Task: The entries that follow should be repeated exactly, with no pictures kept.

Data listing:

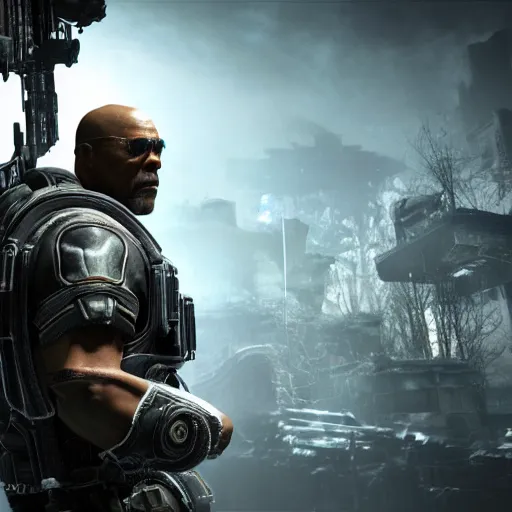 Image similar to Samuel L Jackson in Gears of War, splash art, movie still, cinematic lighting, dramatic, octane render, long lens, shallow depth of field, bokeh, anamorphic lens flare, 8k, hyper detailed, 35mm film grain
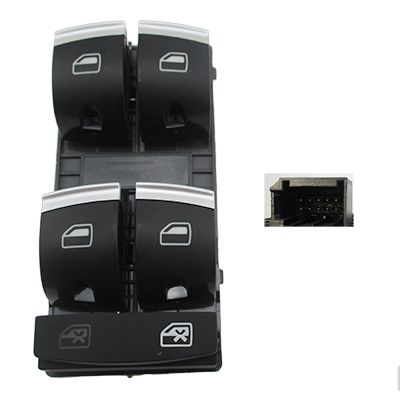 ÖN SOL 4LÜ CAM CAM DÜĞMESİ KROM AUDI A3 2004-2012 A6 2005-2011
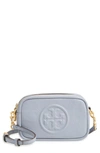 Tory Burch Perry Bombe Leather Crossbody Bag In Cloud Blue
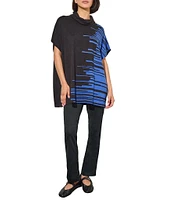 Ming Wang Knit Cowl Neck Short Sleeve Abstract Print Relaxed Tunic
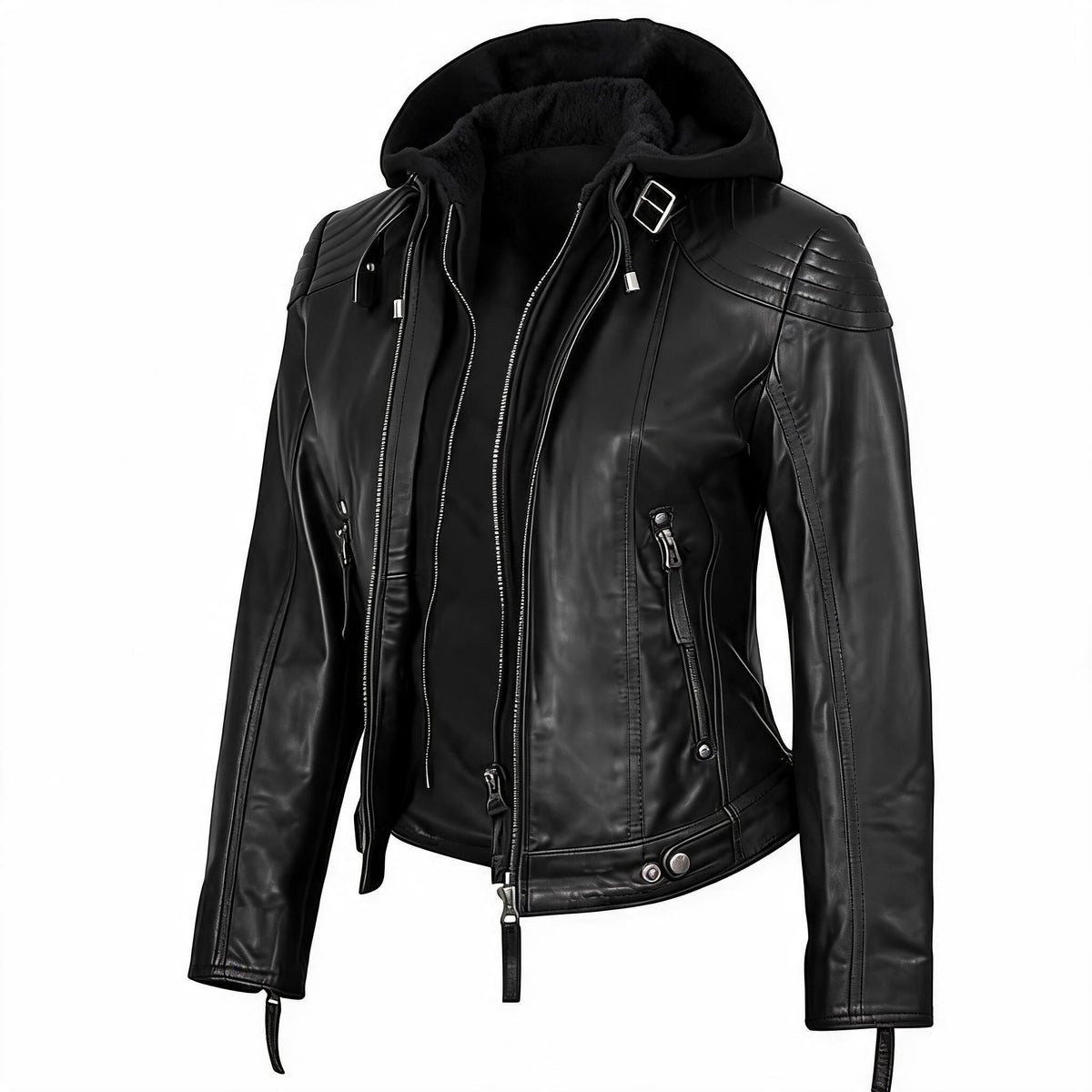 Women's Removebale Hood Biker Leather Jacket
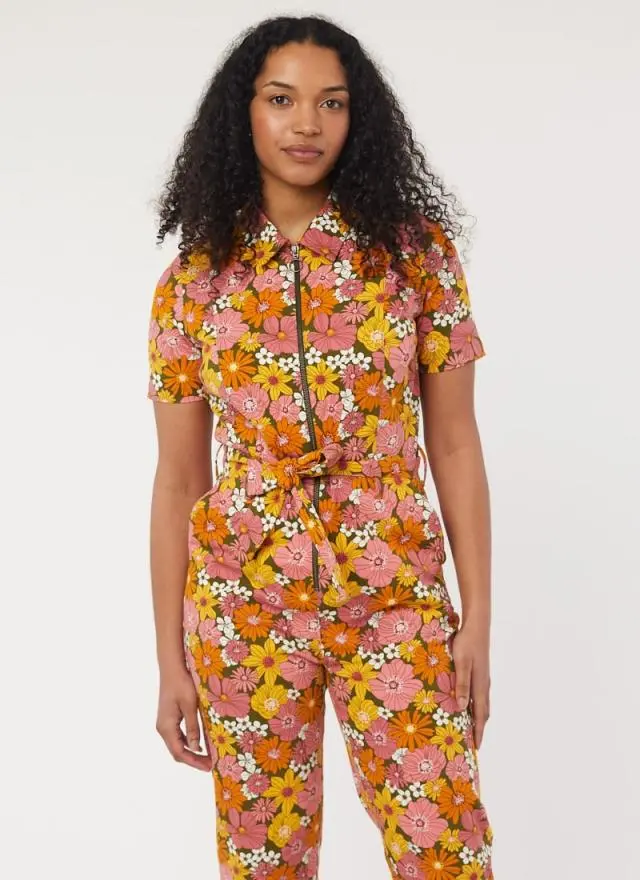 Joanie Clothing Mork Vintage Floral Print Short Sleeve Boilersuit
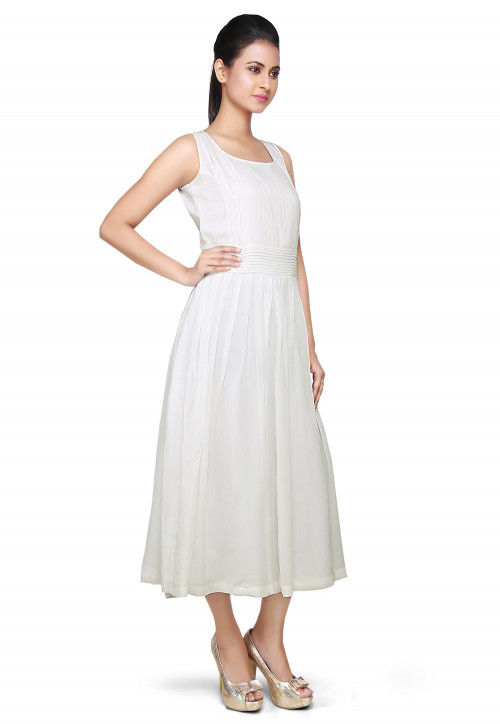Pleated Georgette Maxi Dress In Off White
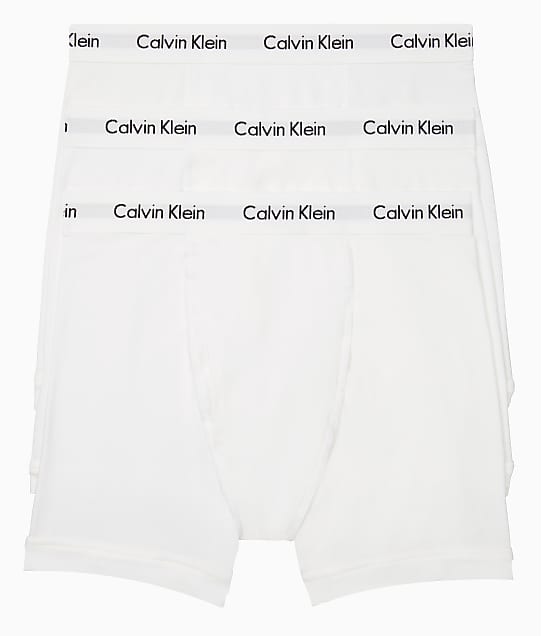 Calvin Klein Cotton Stretch Boxer Brief 3-Pack in White(Front Views) NB2616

Finished task:
 Image similar to Samuel L Jackson in Gears of War, splash art, movie still, cinematic lighting, dramatic, octane render, long lens, shallow depth of field, bokeh, anamorphic lens flare, 8k, hyper detailed, 35mm film grain
 ÖN SOL 4LÜ CAM CAM DÜĞMESİ KROM AUDI A3 2004-2012 A6 2005-2011
 Tory Burch Perry Bombe Leather Crossbody Bag In Cloud Blue
 Ming Wang Knit Cowl Neck Short Sleeve Abstract Print Relaxed Tunic
 Women's Removebale Hood Biker Leather Jacket
 Joanie Clothing Mork Vintage Floral Print Short Sleeve Boilersuit
Pleated Georgette Maxi Dress In Off White
 Calvin Klein Cotton Stretch Boxer Brief 3-Pack in White(Front Views) NB2616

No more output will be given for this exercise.